В советские годы приезд Ежи Гротовского в Россию и сопутствующая ему слава означали буквально следующее: к нам возвращается “чистый” Станиславский, не политизированная, не идеологизованная система актерского мастерства, преобразованная в голове польского гения в любопытнейший религиозно-эстетский артефакт. Поляк возвращал России ее затоптанную святыню как подношение, а Россия принимала и удивлялась метаморфозам театрального авангарда. Ежи Гротовский и Тадеуш Кантор для русского театрального авангарда — иконы, никак не меньше. В ситуации реалистического театра середины 70-х, театра Эфроса и Ефремова, Товстоногова и раннего Васильева, Гротовский и Кантор виделись небожителями, плодоносной контркультурой, странными невидимыми нитями связанной с началом русского театра. Театральная Польша была свободным пространством заветного авангарда, ей завидовали.
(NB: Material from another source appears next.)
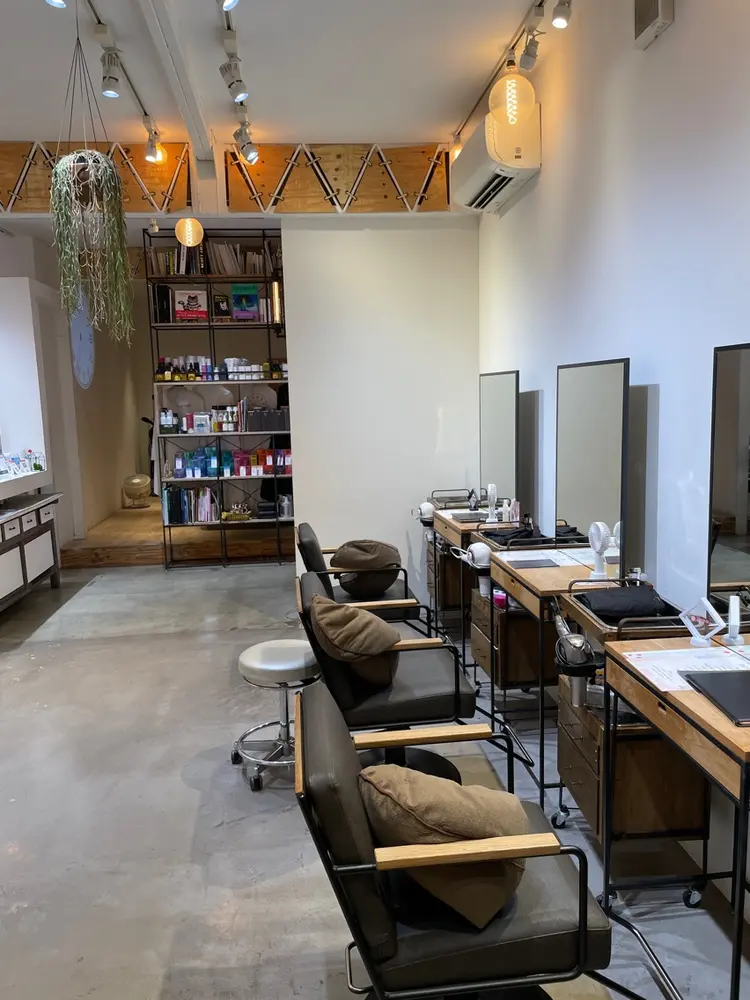 MAHALOの内観・外観1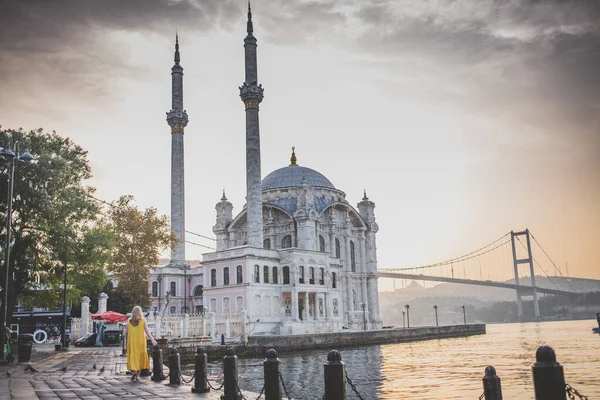 Vista da Mesquita Ortakoy com Ponte Bosphorus em Istambul — Fotografia de Stock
С тех пор в Польше сменилось несколько театральных поколений: Кристиан Люпа и Ежи Яроцкий, затем Гжегож Яжина и Кшиштоф Варликовский и самые молодые — Ян Клата, Премыслав Войчешек, Михал Задара. Но представление о них в России довольно туманно, легендарные Люпа, Яжина и Варликовский были на гастролях по разу. Этого слишком мало, чтобы получить признание. Безобразная политика, европейское центрирование Польши и комплекс русской вины перед поляками мешают двум странам встать друг перед другом во весь рост. Показанное Театральным институтом в Польше (координаторы программы — директор института Мачей Новак и переводчица русской современной драматургии Агнешка Пиотровска) — дерзкий молодежный театр, плодовитый, яркий, социальный и очень гуманистичный. Самое важное — он заставляет поверить в будущее Польши. Это, пожалуй, его главное отличие от театра российского, даже на своих вершинах глубоко пессимистического и безрадостного.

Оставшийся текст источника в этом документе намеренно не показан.